VM shutdown, KVM: entry failed, hardware error 0x80000021

We have a Huawei RH2288 v3 rack server with 2x Xeon E5-2680 v4 (Broadwell-EP) running PVE 7.1

BIOS microcode version is 0xb000038

We have an ubuntu server VM have this problem, but Windows server 2019, 2022 do not ran into this.

In detail: this VM will shutdown because of that assertion fail after up about 11-14 hours (or in midnight, not sure which condition is critical).

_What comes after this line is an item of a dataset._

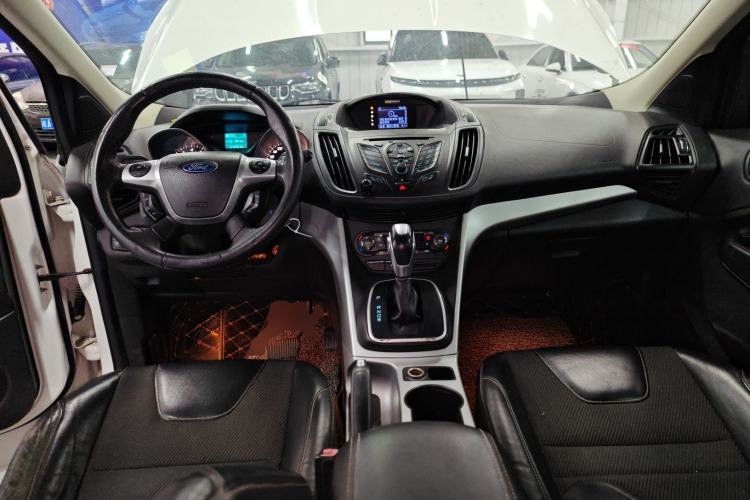 Used Ford Kuga 2013 1.6L GTDi Two-Wheel-Drive Trend Model Center Console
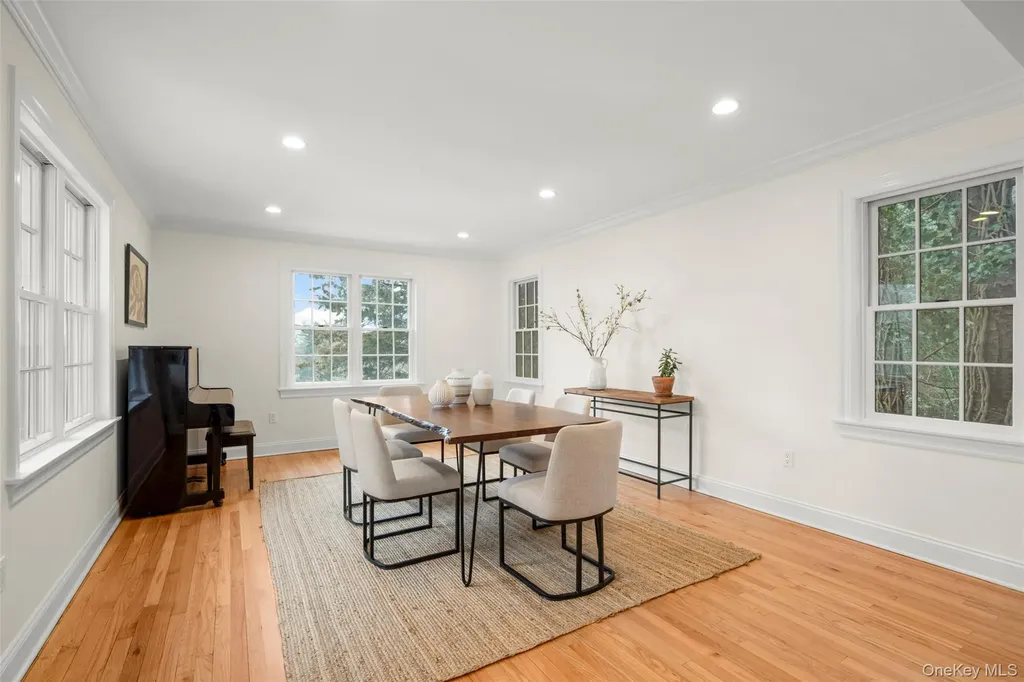 1127 Jensen Avenue Mamaroneck NY 10543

We have tried these with no luck:

- Tried different pve-kernel releases: 5.13.19-2 5.15.35(latest), 5.13.19-6(mentioned above, after 28 hour, in midnight, it crashed).
- Update microcode to 0xb000040 (intel marked as "with caveats" because of BDX90 (see https://www.intel.com/content/dam/w...cification-updates/xeon-e7-v4-spec-update.pdf))
- `mitigation=off` kernel arguments
- disable nested kvm via kvm module options

So with information in this thread, we guess:

- This problem only occurs in intel broadwell and haswell cpus
- This problem is a kernel (kvm) bug
- After about 12h running / at midnight with low load, the guest kernel try to do some (cpu or power) state change and trigger this bug

Should we just comment that assertion out to "workaround" it?

Further read:

- https://www.reddit.com/r/VFIO/comments/s1k5yg/win10_guest_crashes_after_a_few_minutes/
- https://access.redhat.com/solutions/5749121
- https://gitlab.com/qemu-project/qemu/-/issues/1047 (may not relative)
- https://bugzilla.kernel.org/show_bug.cgi?id=216003 (may not relative)
 
Ok guys. It's work for me 2+ days no crashes.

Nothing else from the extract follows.